An accountant and the company he owned (collectively, MBS), filed suit against Defendants, telecommunications companies, asserting claims for damages under Wis. Stat. 100.207 and other statutes, arguing that Defendants' telephone bills contained unauthorized charges. The circuit court dismissed MBS's claims for relief, determining that although the complaint properly alleged violations of section 100.207, the voluntary payment doctrine barred any entitlement to monetary relief.
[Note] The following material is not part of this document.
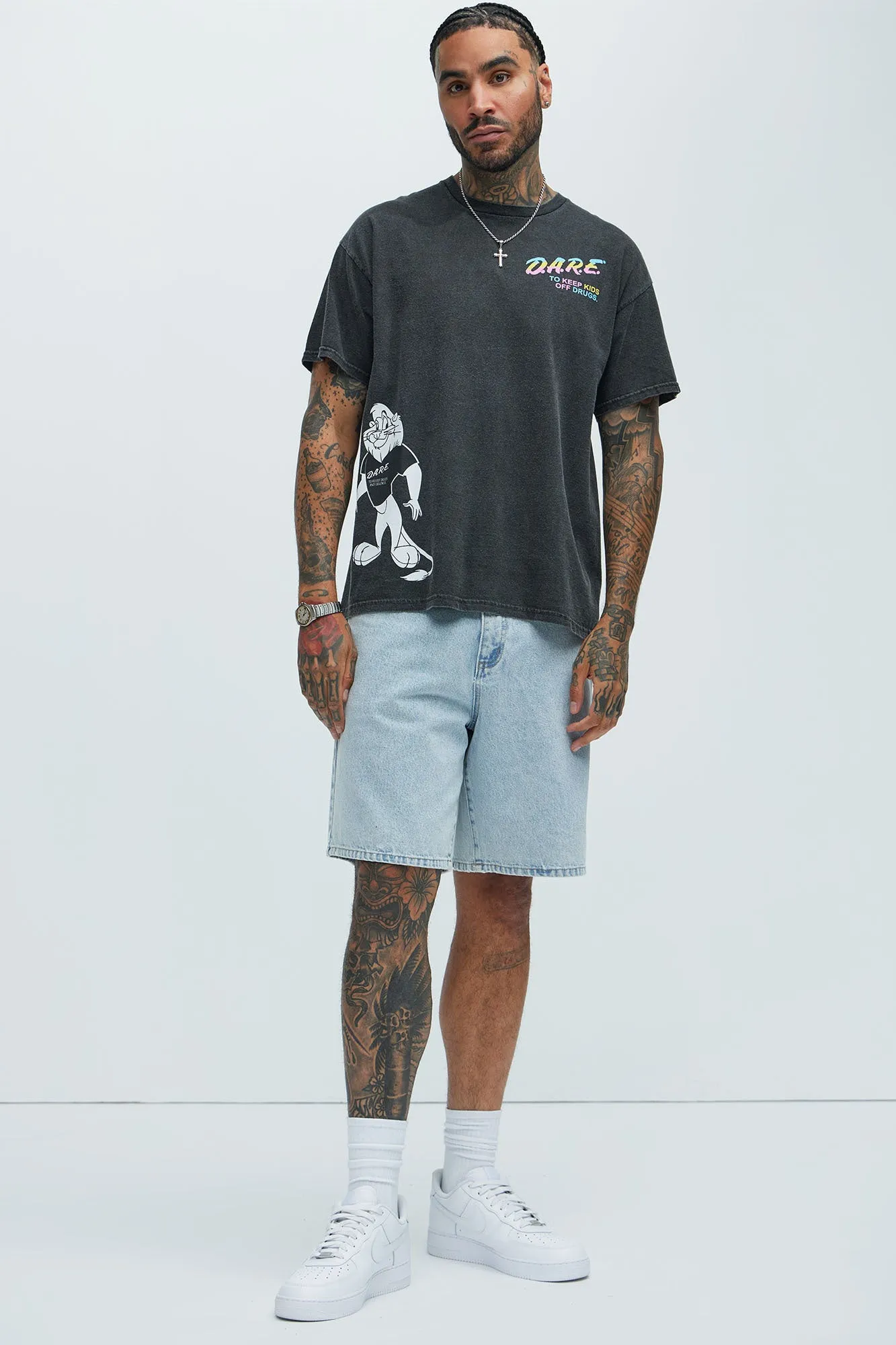 DARE Daren The Lion Short Sleeve Tee - Black Wash sold by Fashion Nova product image thumbnail 2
The court of appeals affirmed. The Supreme Court reversed and remanded, holding (1) the Supreme Court had not decided whether the legislature intended the voluntary payment doctrine to be a viable defense against any cause of action created by a statute; and (2) under the circumstances, the conflict between the manifest purpose of section 100.207 and the common law defense left no doubt that the legislature intended that the common law defense should not be applied to bar claims under the statute. Remanded. View "MBS-Certified Pub. Accountants, LLC v. Wis. Bell Inc." on Justia Law
Kilian v. Mercedes-Benz USA, L.L.C.
Steven Kilian leased a Mercedes-Benz vehicle with financing by Mercedes-Benz Financial. After the car required numerous repairs, Kilian returned the car to Mercedes-Benz USA and sought a refund under Wisconsin's Lemon Law. Mercedes-Benz USA accepted the returned vehicle and refunded $20,847 to Kilian. Because Mercedes-Benz USA did not immediately pay off the lease with Mercedes-Benz Financial, Mercedes-Benz Financial commenced collection actions to obtain payment from Kilian. Kilian filed suit under the Lemon Law to stop enforcement of the lease. While Kilian's action was pending in circuit court, Mercedes-Benz paid off the lease to Mercedes-Benz Financial. The circuit court granted summary judgment in favor of Mercedes-Benz Financial, finding that Kilian did not suffer a pecuniary loss when Mercedes-Benz Financial continued to enforce the lease after the vehicle was returned. The court of appeals affirmed. The Supreme Court reversed, holding (1) Kilian could maintain an action for equitable relief under the Lemon Law and Mercedes-Benz Financial's actions violated the Lemon Law; and (2) Kilian prevailed in his action when Mercedes-Benz Financial voluntarily ceased enforcement of the lease after Kilian filed suit, and as the prevailing party, Kilian was entitled to attorney fees, disbursements, and costs. Remanded.